The parties have agreed that if or when Interim receives either or both of
these payments, the full amount received will be paid to Mosher within five
(5) business days of receipt and such payment will be in addition to the
Purchase Price.

     6.     The Sellers will receive an additional payment of two (2) times
the Interim EBITDA for the year ended September 30, 2006, based upon the
amount that exceeds the Interim EBITDA for the year ended December 31, 2004,
25% of which shall be paid in cash and 75% of which shall be paid in shares of
Wizzard Common Stock that are "restricted securities" under Rule 144 of the
SEC ("Phase I Incentives").

     7.     The Sellers will also receive an additional payment of two (2)
times the Interim EBITDA for the year ended September 30, 2007, based upon the
amount that exceeds the Interim EBITDA for the year ended September 30, 2006,
25% of which shall be paid in cash and 75% of which shall be paid in shares of
Wizzard Common Stock that are "restricted securities" under Rule 144 of the
SEC ("Phase II Incentives").

     8.     The Sellers have executed a Lock-Up/Leak-Out Agreement with
respect to the Wizzard Common Stock.  Pursuant to the Lock-Up/Leak-Out
Agreement, the Sellers shall not be entitled to sell any Wizzard Common Stock
for a period of twelve (12) months from Closing of the Agreement or any of the
Phase I or Phase II Incentive payment Wizzard Common Stock for a period of
twelve (12) months from when any such Wizzard Common Stock is earned (the
"Lock-Up Periods").  Following the expiration of the applicable Lock-Up
Periods (the "Leak-Out Periods"), the Sellers shall be allowed to sell 1/12th
of the Sellers' shares of Wizzard Common Stock per month during the respective
Leak-Out Periods, computed on the basis of the total shares of Wizzard Common
Stock of the Sellers that can be sold at the applicable time under the
applicable Leak-Out Periods, on a non-cumulative basis, subject, however, to
the cancellation of a portion of such shares of Wizzard Common Stock by reason
of early termination by Mosher of her Employment Agreement, specifically,
under Section 10(f) thereof.

     Copies of the Agreement, the Employment Agreement and the Lock-Up/Leak-
Out Agreement, including all material exhibits and related instruments,
accompany this Current Report, which, by this reference, are incorporated
herein; the foregoing summaries are modified in their entirety by such
reference.  See Item 9.01.

     The Sellers had no material relationship, other than in respect of the
Agreement, to our Company.

     Interim is in the business of providing a wide range of visiting nurse
services to the elderly, wounded and sick, as well as health care staffing.

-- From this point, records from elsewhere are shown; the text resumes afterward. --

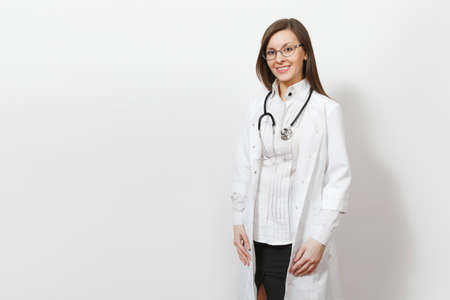 Smiling confident beautiful young doctor woman with stethoscope, glasses isolated on white background. Female doctor in medical gown looking camera. Healthcare personnel, health, medicine conceptの写真素材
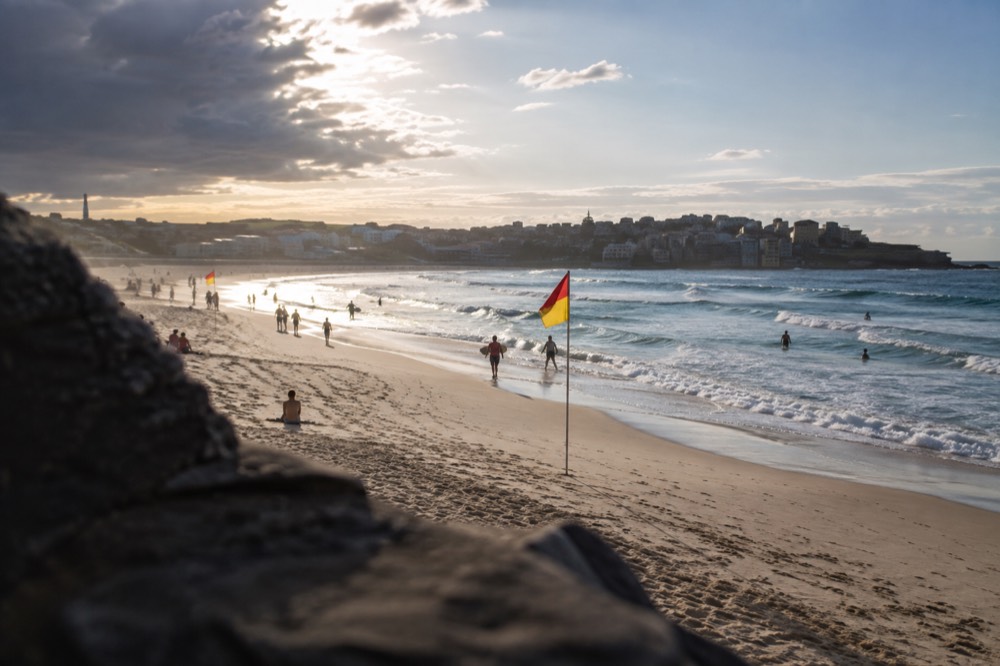 Red and yellow patrol flags spaced along the sand at Bondi Beach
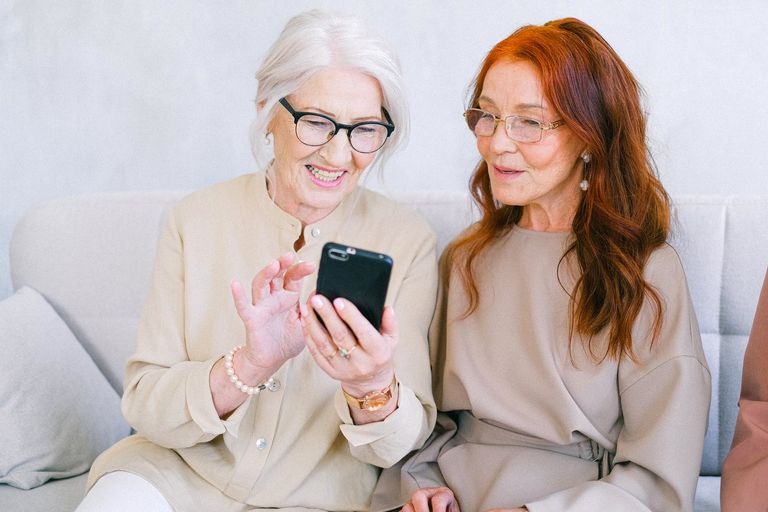 cheerful senior women chatting online 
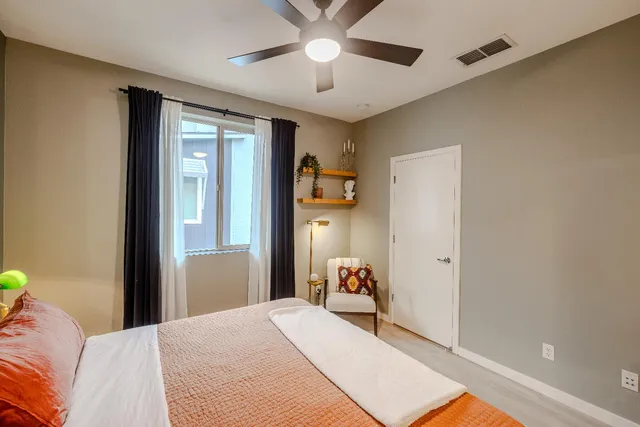a bathroom with a sink double vanity and a mirror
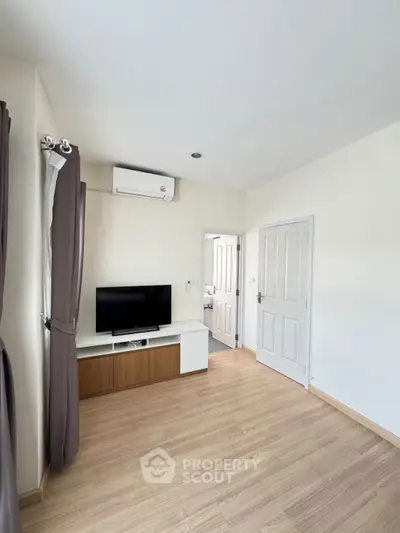 Modern living room with wooden flooring and mounted TV, minimalistic design.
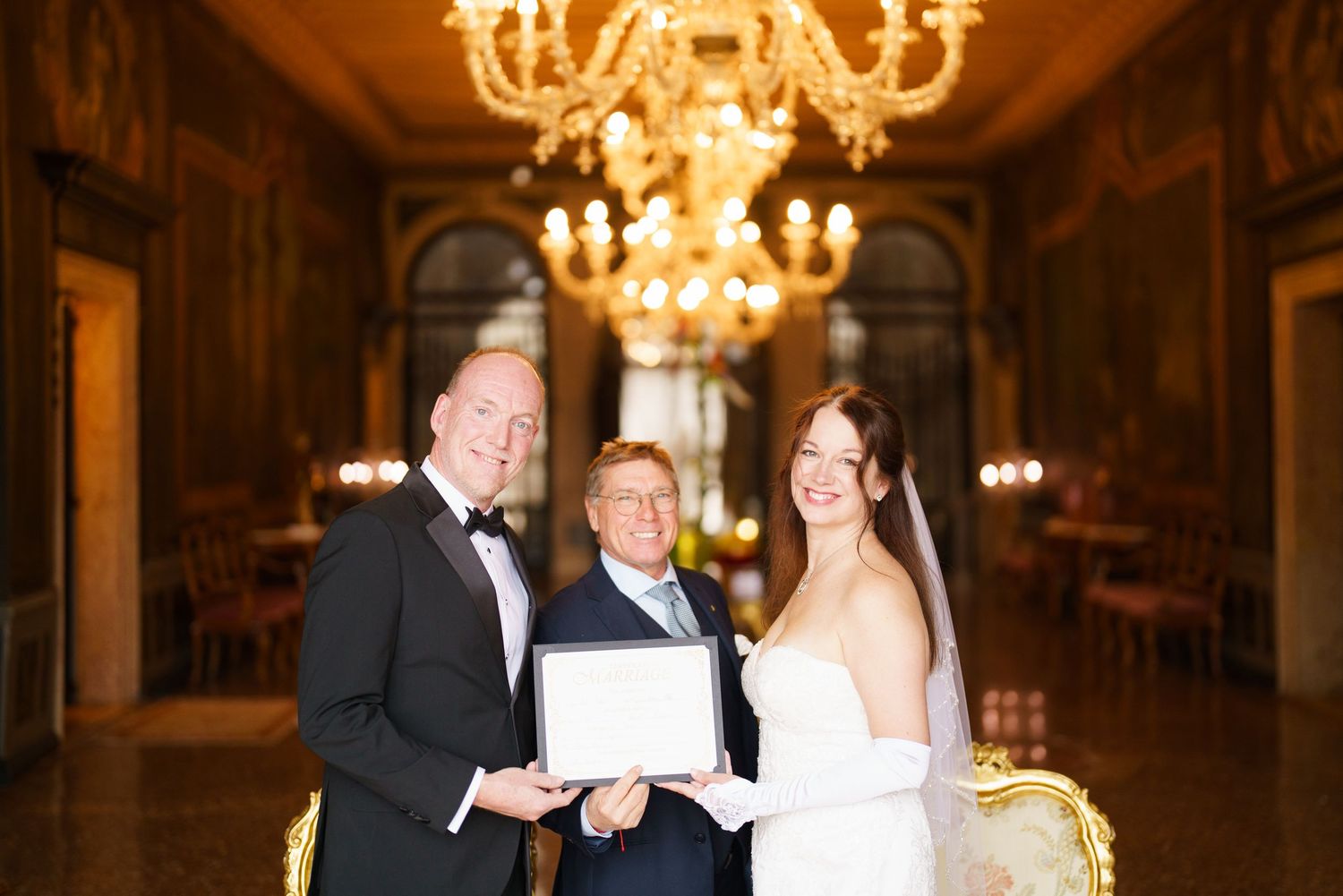 A couple shares a romantic moment under elegant chandeliers at an opulent wedding reception venue.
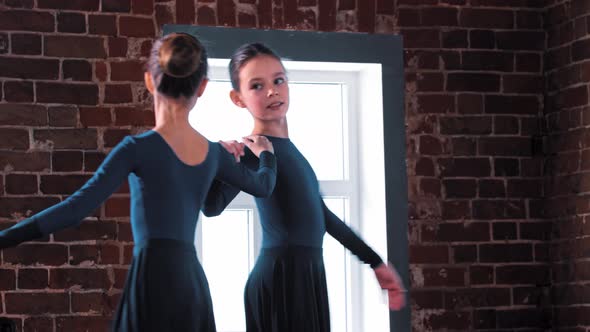 Two Ballerina Girls Dancing in Dark Costumes on Training in the Studio
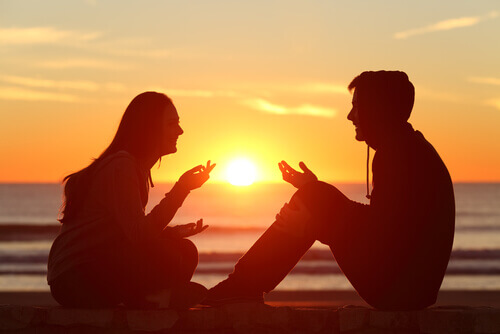 Casal conversando diante do por do sol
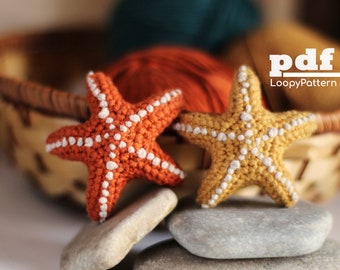 Puede incluir: Dos estrellas de mar de crochet, una naranja y otra amarilla, con detalles blancos. Las estrellas de mar están sobre piedras grises apiladas. El texto "pdf LoopyPattern" está en la esquina superior derecha de la imagen.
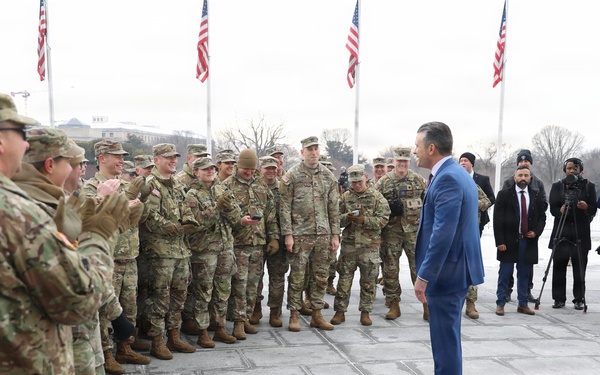 Secretary of War Pete Hegseth officiates the oath of enlistment to a formation of National Guard Soldiers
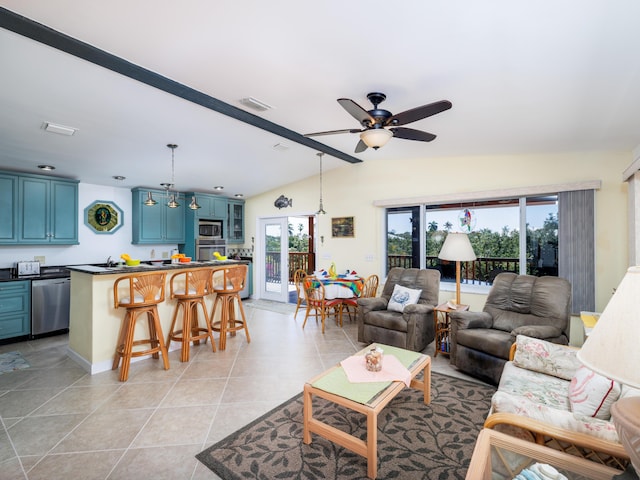 living room featuring light tile patterned floors, visible vents, ceiling fan, and vaulted ceiling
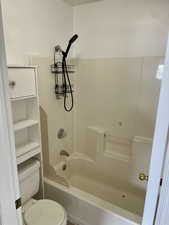 Bathroom with toilet and shower / tub combination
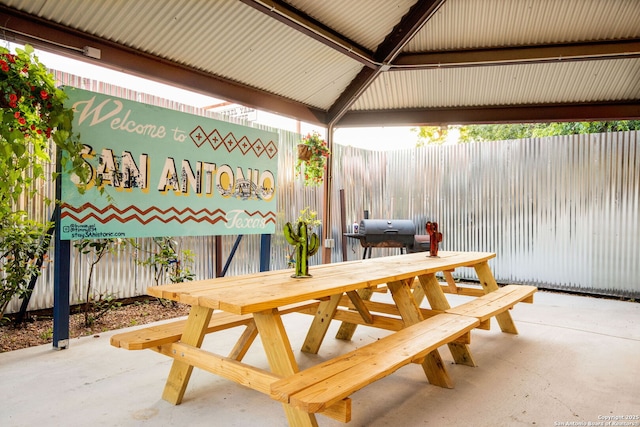 view of patio with outdoor dining space and fence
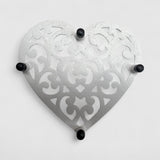 Cast iron heart trivet with black feet, vintage white finish ornate kitchen accent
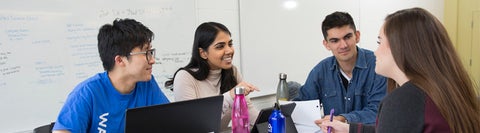 Students sitting around a table talking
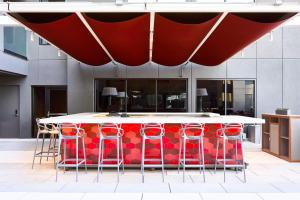 a red and white bar in a building with stools at AC Hotel Tucson Downtown in Tucson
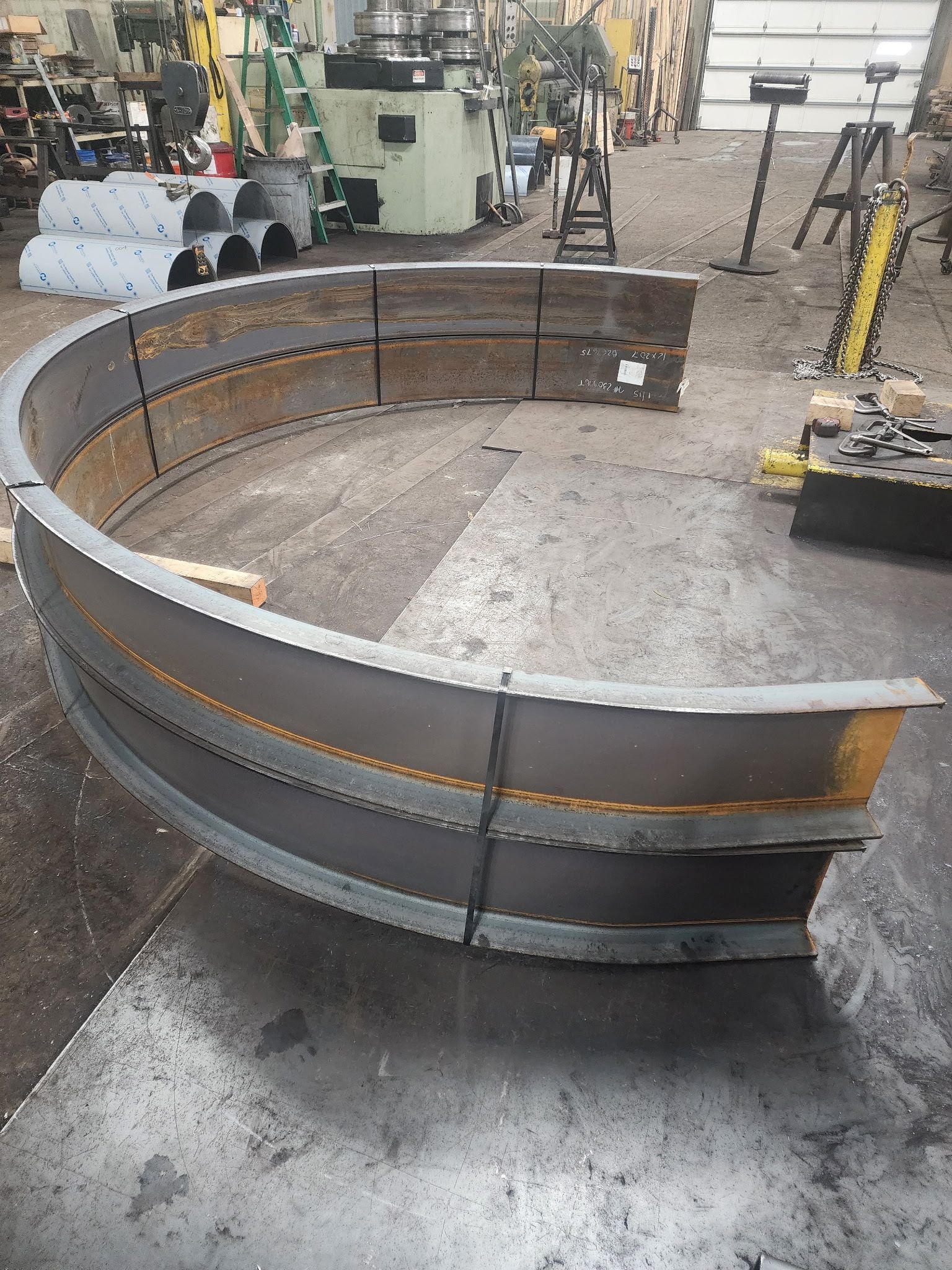 A large, curved metal structure in a workshop, likely for machinery.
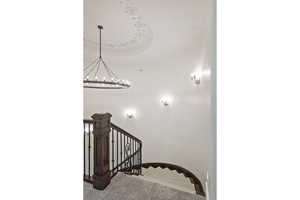 Stairway with carpet flooring, a chandelier, and a raised ceiling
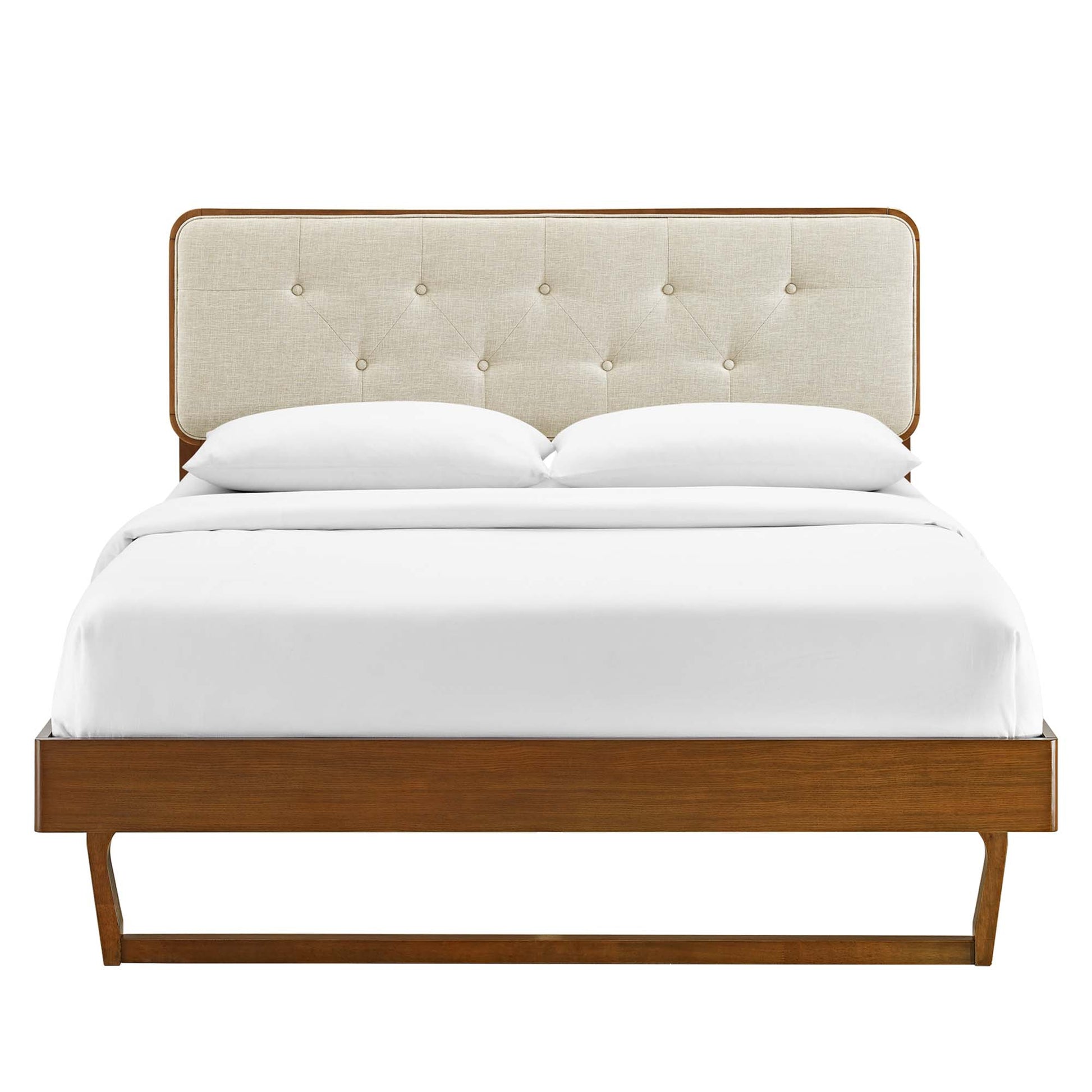 Walnut wood platform bed with beige tufted upholstered headboard and white bedding.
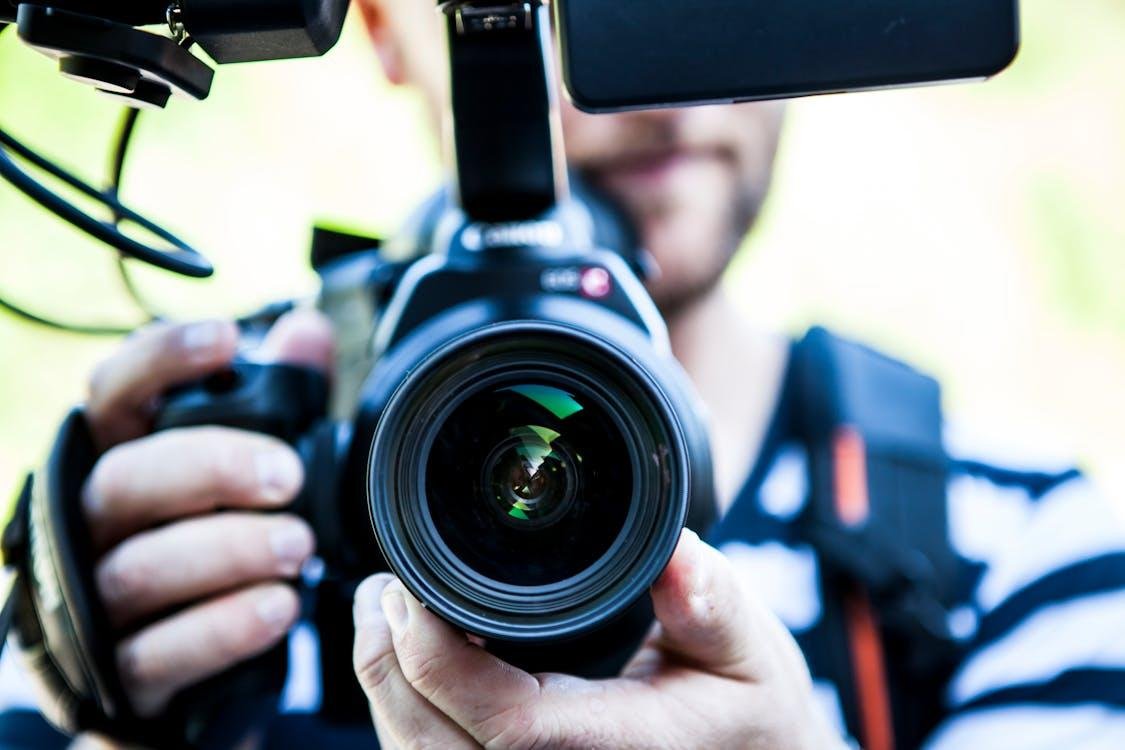 A close-up of a person holding a DSLR camera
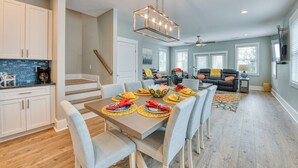 Una cocina moderna con armarios blancos, un salpicadero azul y un comedor con una mesa de madera dispuesta para cuatro.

     In addition to acquiring all of the outstanding securities of Interim,
the Company acquired certain business equipment and furniture and fixtures
used in the ordinary course of business of Interim.   The Company also became
party to a Franchise Agreement with Interim Healthcare, Inc. and was granted
certain franchise rights.  The Company also obtained the right to use the name
"Interim Healthcare of Wyoming, Inc. in the State of Wyoming.

Item 2.01     Completion of Acquisition or Disposition of Assets.

     See Item 1.01 above.

Item 9.01     Financial Statements and Exhibits.

     (a)   Financial statements of Interim will be filed with an amendment to
this Current Report not later than 71 calendar days from the filing date of
this Report.

     (b)   Pro forma financial statements will be filed with an amendment to
this Current Report not later than 71 calendar days from the filing date of
this Report.

     (c)   Exhibits.

     Exhibit                Description
      -------                -----------

      10              Stock Purchase Agreement
                         Interim Schedules
                         Wizzard Schedules
                         Employment Agreement (Exhibit 2.1(c))
                         Lock-Up/Leak-Out Agreement (Exhibit 2.2(c))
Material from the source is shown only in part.